→ TASK TO COMPLETE: Restate verbatim the span of lines below between the line with "Maison à SALIGNAC-SUR-CHARENTE" and the line with "Snapshot of santyago_taylor", including those two lines, and only that span.

[EXCERPTED RECORDS — start]

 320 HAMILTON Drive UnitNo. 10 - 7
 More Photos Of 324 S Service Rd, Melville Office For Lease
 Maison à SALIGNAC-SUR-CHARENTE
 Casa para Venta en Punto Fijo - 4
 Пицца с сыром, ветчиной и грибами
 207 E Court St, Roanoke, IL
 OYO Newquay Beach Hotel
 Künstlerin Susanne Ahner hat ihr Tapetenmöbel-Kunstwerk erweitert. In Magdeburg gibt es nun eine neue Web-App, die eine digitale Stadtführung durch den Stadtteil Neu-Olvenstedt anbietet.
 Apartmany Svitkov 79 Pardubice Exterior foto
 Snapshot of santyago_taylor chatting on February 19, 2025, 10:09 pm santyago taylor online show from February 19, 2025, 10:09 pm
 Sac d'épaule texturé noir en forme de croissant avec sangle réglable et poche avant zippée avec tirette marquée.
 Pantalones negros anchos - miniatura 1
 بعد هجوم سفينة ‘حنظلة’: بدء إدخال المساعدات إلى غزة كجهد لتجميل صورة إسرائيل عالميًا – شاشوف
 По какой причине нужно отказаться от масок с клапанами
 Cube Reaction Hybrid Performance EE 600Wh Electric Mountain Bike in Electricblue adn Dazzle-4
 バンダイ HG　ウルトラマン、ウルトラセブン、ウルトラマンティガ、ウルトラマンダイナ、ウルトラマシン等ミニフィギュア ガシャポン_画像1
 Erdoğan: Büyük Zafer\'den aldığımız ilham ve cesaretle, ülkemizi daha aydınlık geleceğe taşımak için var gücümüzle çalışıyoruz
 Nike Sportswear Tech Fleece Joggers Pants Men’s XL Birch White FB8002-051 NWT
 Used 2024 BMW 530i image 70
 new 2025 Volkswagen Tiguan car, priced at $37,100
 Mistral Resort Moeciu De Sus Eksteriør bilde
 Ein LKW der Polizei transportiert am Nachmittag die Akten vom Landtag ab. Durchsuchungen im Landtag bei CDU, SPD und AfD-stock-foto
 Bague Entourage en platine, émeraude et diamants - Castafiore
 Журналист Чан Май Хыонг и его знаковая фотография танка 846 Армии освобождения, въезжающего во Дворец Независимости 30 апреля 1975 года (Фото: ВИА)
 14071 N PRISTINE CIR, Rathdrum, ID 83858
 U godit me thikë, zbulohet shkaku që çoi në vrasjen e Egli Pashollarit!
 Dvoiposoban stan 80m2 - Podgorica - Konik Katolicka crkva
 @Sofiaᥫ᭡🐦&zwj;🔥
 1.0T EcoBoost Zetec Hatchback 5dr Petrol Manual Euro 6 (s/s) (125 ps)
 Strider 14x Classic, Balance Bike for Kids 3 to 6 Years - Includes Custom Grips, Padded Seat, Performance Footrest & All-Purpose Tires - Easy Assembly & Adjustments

[EXCERPTED RECORDS — finish]

→ YOUR SOLUTION:
 Maison à SALIGNAC-SUR-CHARENTE
 Casa para Venta en Punto Fijo - 4
 Пицца с сыром, ветчиной и грибами
 207 E Court St, Roanoke, IL
 OYO Newquay Beach Hotel
 Künstlerin Susanne Ahner hat ihr Tapetenmöbel-Kunstwerk erweitert. In Magdeburg gibt es nun eine neue Web-App, die eine digitale Stadtführung durch den Stadtteil Neu-Olvenstedt anbietet.
 Apartmany Svitkov 79 Pardubice Exterior foto
 Snapshot of santyago_taylor chatting on February 19, 2025, 10:09 pm santyago taylor online show from February 19, 2025, 10:09 pm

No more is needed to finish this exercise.